A PVM is a set $\mathcal{P} = \{P_i: P_i^2 = P_i, P_iP_j = \delta_{ij}P_j, \sum{P_i} = \mathbf{I}\}_{i,j=1}^n$, where $n\leq d$ on a Hilbert space $\mathcal{H}^d$ of dimension $d$

A POVM is a set $\mathcal{M} = \{A_i : A_i \geq 0, \sum{A_i }= \mathbf{I}\}_{i=1}^m$ on a Hilbert space $\mathcal{H}^d$ of dimension $d$.

In many articles, I have come across the statement that "Neumark's theorem states that any rank one POVM can be realised as a PVM on a higher-dimensional space". Rank one POVM is where all the operators $A_i$ are of rank one.

$\textbf{Confusion 1:}$ Is the rank one requirement necessary, or is it assumed for the sake of simplicity?
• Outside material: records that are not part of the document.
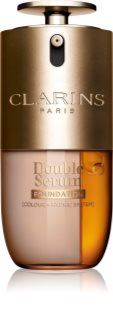 Clarins Double Serum Foundation fond de teint rajeunissant et illuminateur teinte L2C 30 ml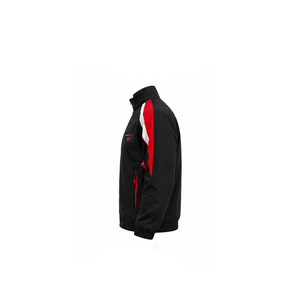 Racing style <b>motorcycle</b> <b>summer</b> <b>jacket</b> breathable textile mesh lightweight riding coat custom biker protective mens outerwear - Product Image 2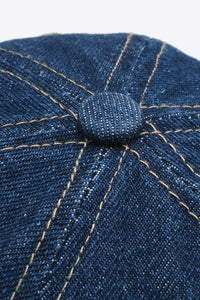 Thumbnail for Distressed Adjustable Baseball Cap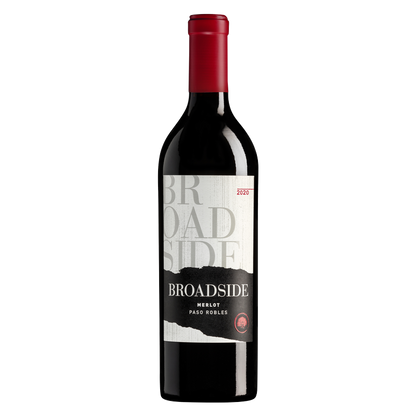 Broadside Merlot 750 ml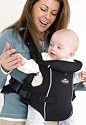 Clippasafe Carramio Baby Carrier in Black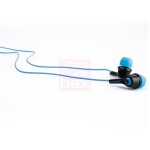 Reloop inp - 2 flash black �couteurs intra - auriculaires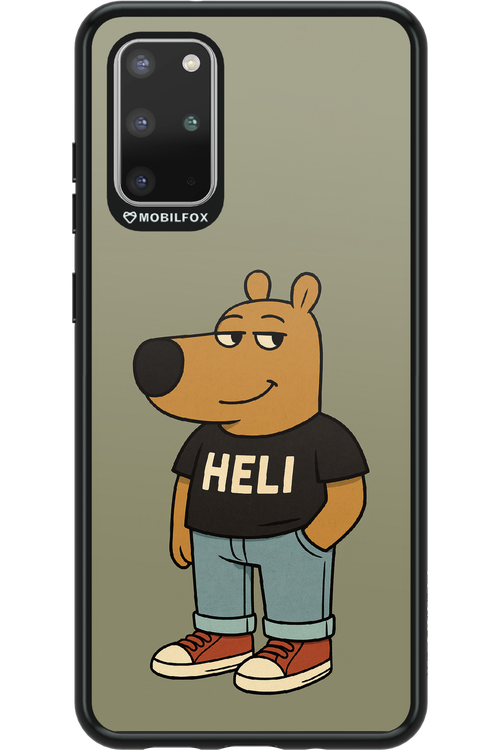 ChillHeli - Samsung Galaxy S20+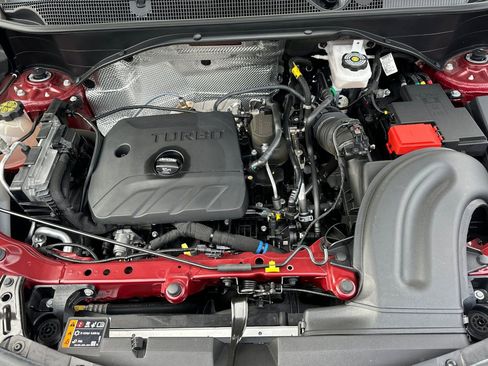 Certified 2023 Buick Encore GX Select w/ Sport Touring Package image 24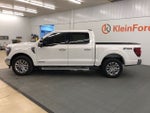 2024 Ford F-150 Lariat FX4/502A/ROOF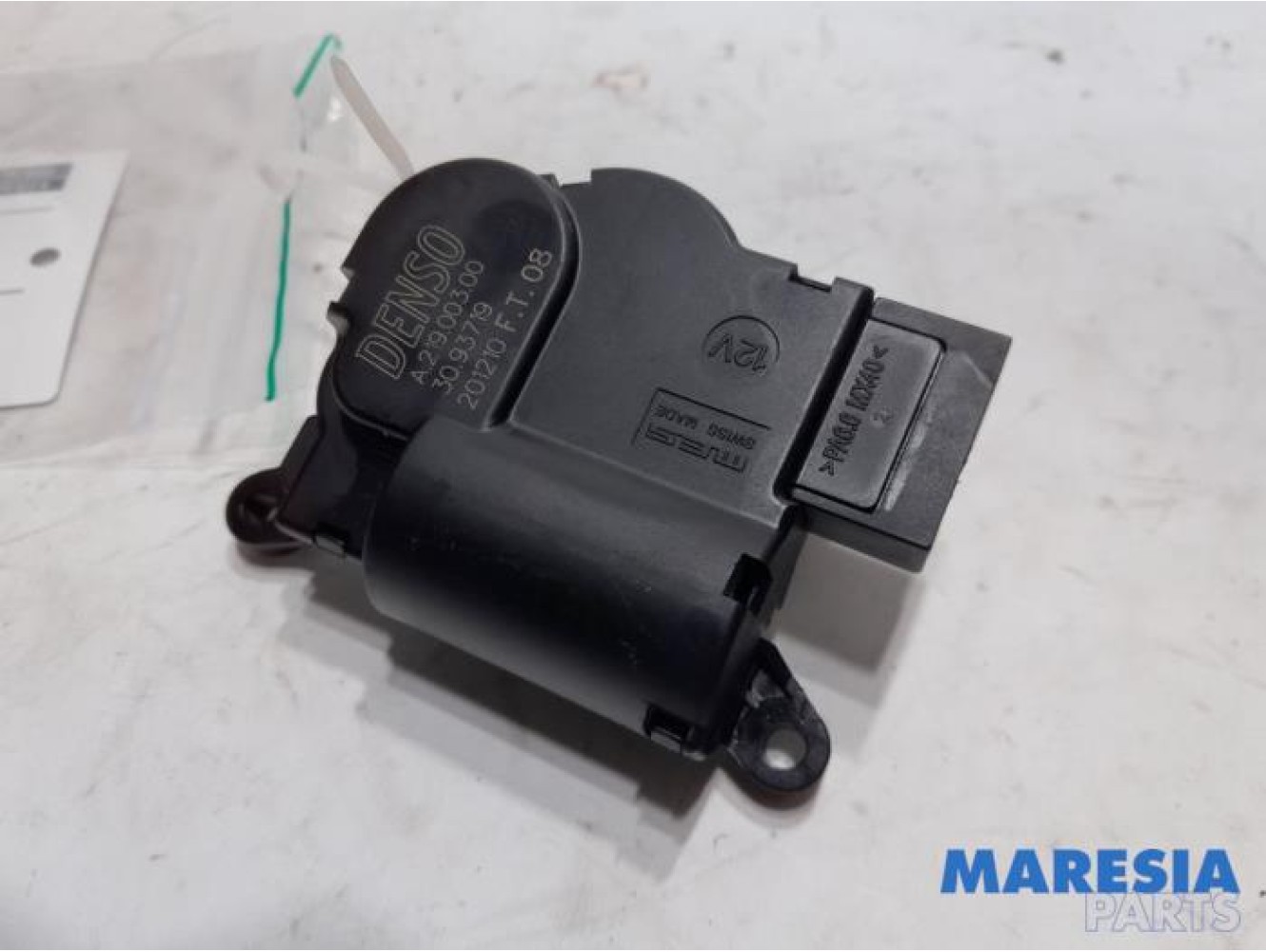 Peugeot - Expert - Heater valve motor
$\textbf{Confusion 2:}$ I have seen the enlargement of the Hilbert space being done in two different ways, by embedding the system in a higher-dimensional space. For eg: A qubit being treated as a qutrit with the third amplitude being zero, and by attaching an ancilla of a suitable size. Are these two approaches equivalent?

$\textbf{Confusion 3:}$ When the Hilbert space is enlarged by attaching an ancilla, to realise the POVM, is the PVM performed on the ancilla alone or on the total system(original system + ancilla)?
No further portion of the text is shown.